Plusieurs activités prévues dans le nouveau plan d’action mondial de l’Organisation mondiale de la Santé (OMS) pour accroître l’approvisionnement en vaccins contre la grippe pandémique nécessitent dès maintenant une intervention et un financement à long terme au cas où apparaîtrait un virus auquel presque toute l’humanité serait vulnérable.

« Il manque actuellement plusieurs milliards de doses de vaccin pour protéger la population mondiale contre une pandémie de grippe. Cette situation pourrait donner lieu à une crise de santé publique », a déclaré le Dr Marie-Paule Kieny, Directeur de l’Initiative de l’OMS pour la recherche sur les vaccins. « Le plan d’action mondial indique ce qu’il faut faire, dès à présent, pour augmenter la capacité de production et remédier au manque de vaccins. En l’espace de trois à cinq ans, on pourrait commencer à obtenir des résultats qui sauveraient de nombreuses vies en cas de pandémie. »
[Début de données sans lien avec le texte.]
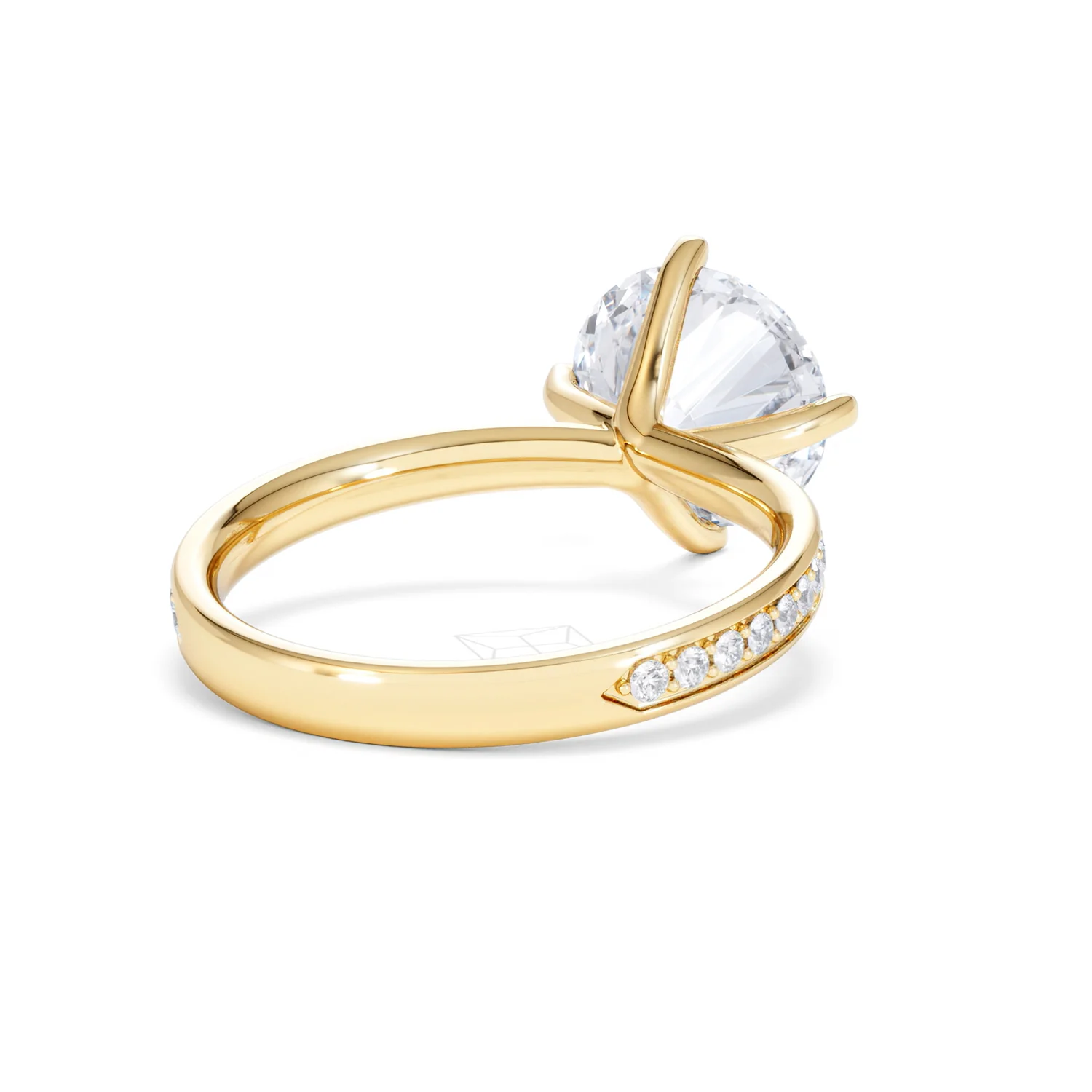 Origin Twist 3.00ct Round Cut Lab Diamond Solitaire Engagement Ring with Side Stones in 18K Yellow Gold - Image 41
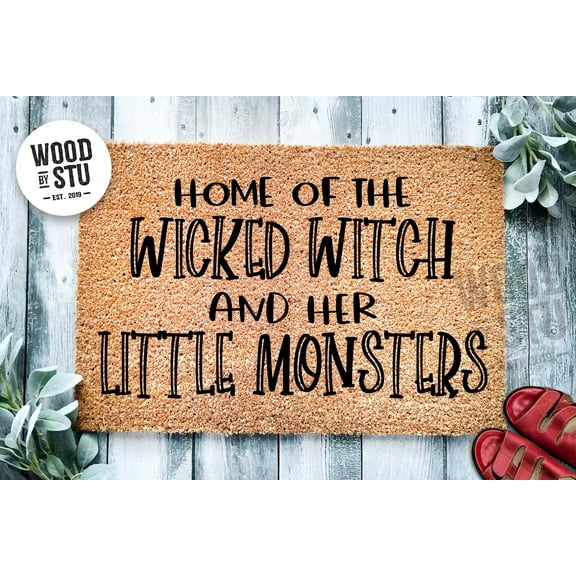 Home of the Wicked Witch and Her Little Monsters Door Mat | Funny Doormat | Welcome Mat | Halloween Decor Door Mat | Home Doormat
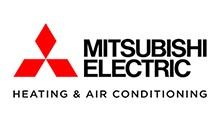 The mitsubishi electric logo is for heating and air conditioning.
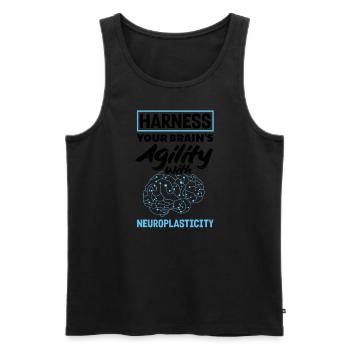 Unlock Your Brain's Potential Neuroplasticity - Männer Premium Bio Tank Top - Schwarz - Vorne - AI Model Male 178 light (178cm)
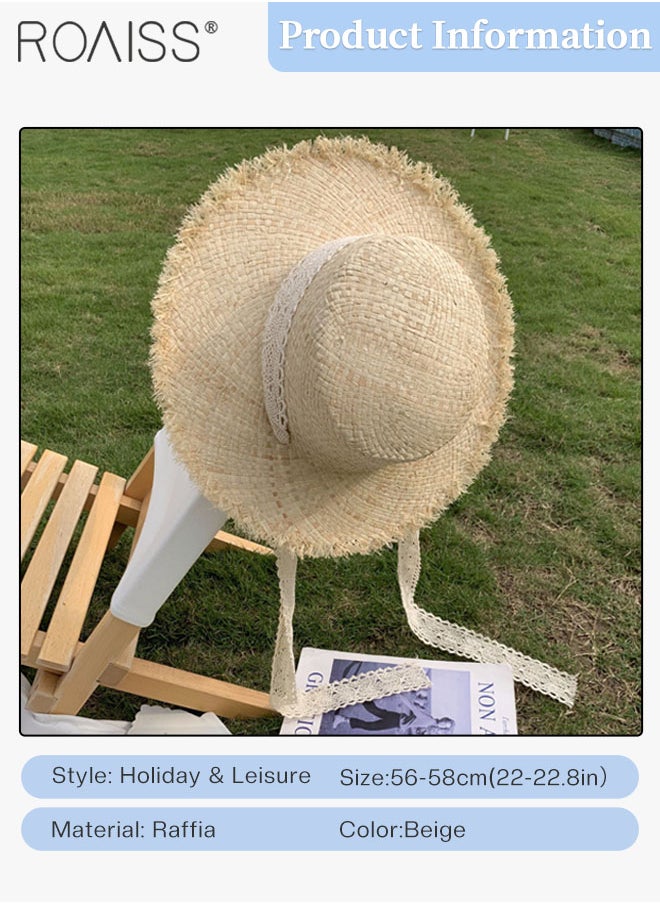 Lace Strappy Flat Straw Hat for Women Summer Beach Hat Vacation Sunshade Sunscreen Woven Hat with Chin Strap Fashion Accessories - pzsku/ZE78B70B9F82FEB901F81Z/45/_/1720778193/2eae0358-fe53-47b5-b62f-2f532b232f82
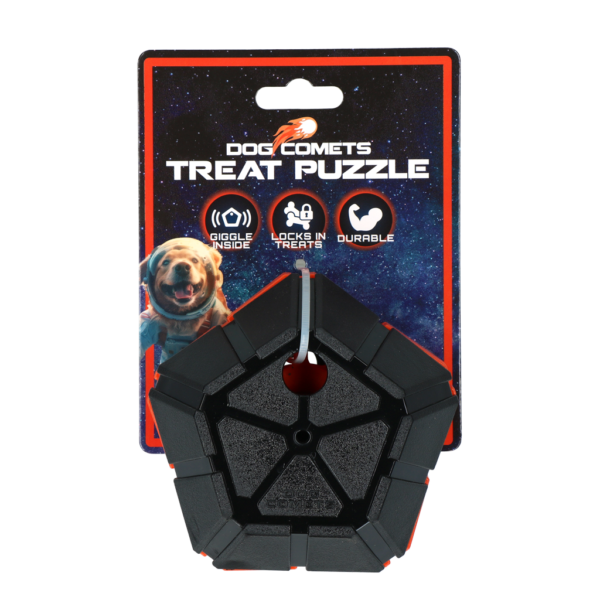 Palla rompicapo per cani con elementi girevoli e suono buffo – Dog Comets Treat Puzzle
Le plan d’action mondial repose sur les avis de plus de 120 experts travaillant pour les programmes nationaux de vaccination, les autorités nationales de réglementation, des organismes scientifiques et des fabricants de vaccins dans les pays industrialisés et les pays en développement.

Il énonce, par ordre de priorité, des solutions pratiques pour suppléer au manque de vaccins en cas de grippe pandémique ; ces solutions sont regroupées en huit stratégies prévoyant des activités à court terme (résultats tangibles obtenus en moins de cinq ans), à moyen terme (entre cinq et dix ans) et à long terme (plus de dix ans) qui doivent être entreprises simultanément.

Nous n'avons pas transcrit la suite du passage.